Member of the Durham County Board of Commissioners
- In office 1974–1984

Personal details
- Born: Elna Virginia Bridgeforth January 23, 1909 Tuskegee, Alabama, U.S.
- Died: January 7, 2007 (aged 97) Durham, North Carolina, U.S.
- Political party: Democratic
- Spouse: Asa T. Spaulding ​ ​(m. 1933; died 1990)​
- Children: 4, including Kenneth
- Parents: George Ruffin Bridgeforth; Datie Miller;
- Education: Talladega College (MusB)

= Elna Spaulding =

American civic leader

Elna Virginia Bridgeforth Spaulding ( Bridgeforth; January 23, 1909 – January 7, 2007) was an American civic leader and politician. She served on the Board of Commissioners for Durham County from 1974 to 1984, the first African American woman to do so.

==Early life and education==
Elna Virginia Bridgeforth was born on January 23, 1909, at Tuskegee Institute in Tuskegee, Alabama. She was the daughter of George Ruffin Bridgeforth, a dairy farmer on the faculty of Tuskegee, and Datie Bridgeforth ( Miller). Bridgeforth attended Trinity High School in Athens, Alabama, graduating in 1926, and earned the Bachelor of Music degree from Talladega College in 1930.

After graduating from Talladega, Bridgeforth moved to Durham, North Carolina in 1930 to teach music in Durham's public schools. She taught for a year before she became the head of the music department at Winston-Salem Teachers College from 1931 to 1933. Bridgeforth married Asa T. Spaulding Sr. in 1933.

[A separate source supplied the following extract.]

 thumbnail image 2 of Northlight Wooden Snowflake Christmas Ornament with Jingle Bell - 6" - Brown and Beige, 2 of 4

==Women-in-Action for the Prevention of Violence and its Causes==
In September 1968, Spaulding founded Women-in-Action for the Prevention of Violence and its Causes, a nonprofit, inter-racial organization in Durham. She served as the organization's first president until 1974, when she ran for the Durham County Board of Commissioners. The organization worked to ease racial tensions in the community and its work led to court-ordered school integration in 1970.

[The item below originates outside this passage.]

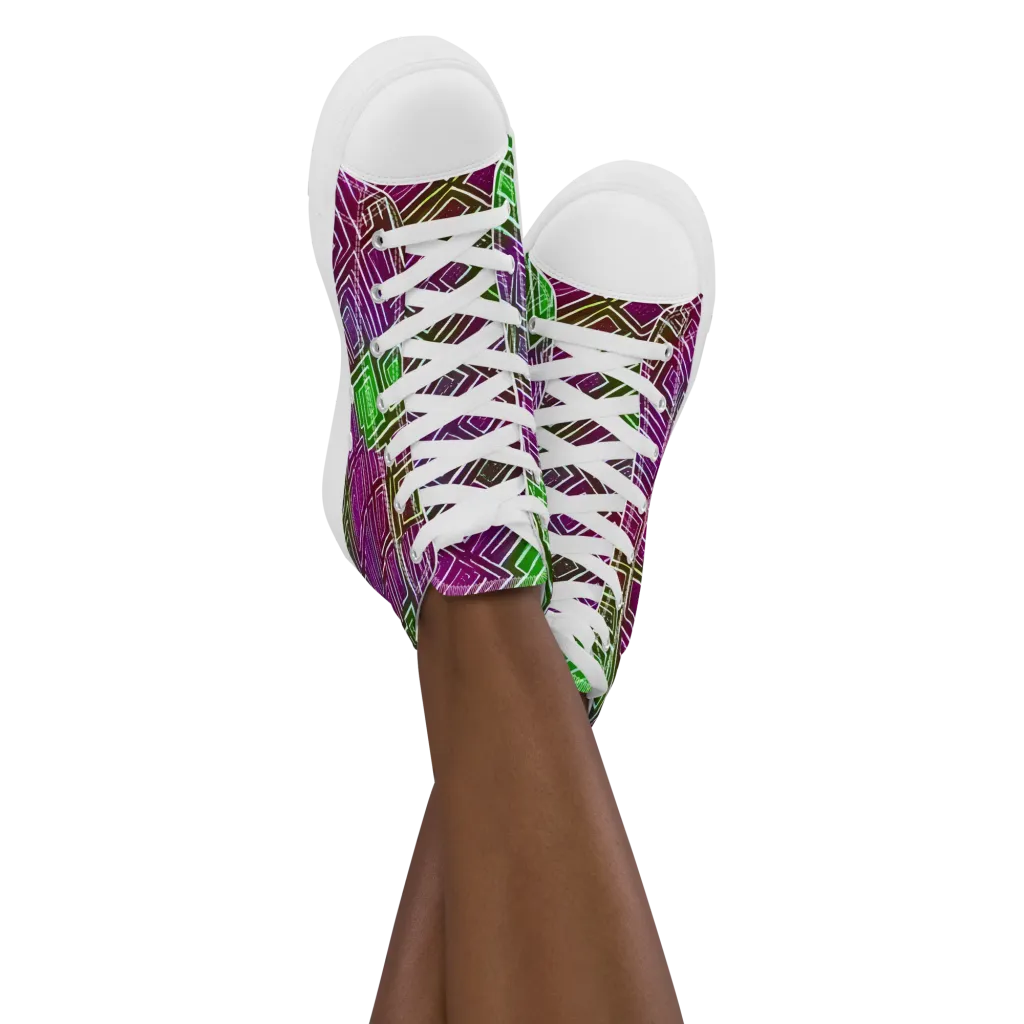 Chromatic Riddle on Women's High Top Canvas Shoes — Front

In 1991, Women-in-Action established the annual Elna B. Spaulding Founder's Award. The award's second recipient was Spaulding's fellow Durham county commissioner Josephine Dobbs Clement.

==Durham County Board of Commissioners==
Spaulding was first elected to the Durham County Board of Commissioners in 1974. Spaulding received the most votes out of the five Democrats and four Republicans in the race; the top five vote getters were elected to the board. She was the first African American woman elected to the board. Spaulding was re-elected for four additional two-year terms to the Board of Commissioners, serving until her retirement in 1984.

Duke University honored Spaulding with the William C. Friday Award in Moral Leadership in 2001.

==Personal life and legacy==
Elna Bridgeforth and Asa T. Spaulding were married on June 24, 1933. They had four children: Asa T. Jr., Patricia Ann, Aaron Lowery, and Kenneth Bridgeforth. Asa Spaulding Sr. died in 1990. She died on January 7, 2007, in Durham, at the age of 97. One of her grandchildren is blogger, columnist, and activist Pam Spaulding. The Elna B. Spaulding Conflict Resolution Center in Durham is named for her.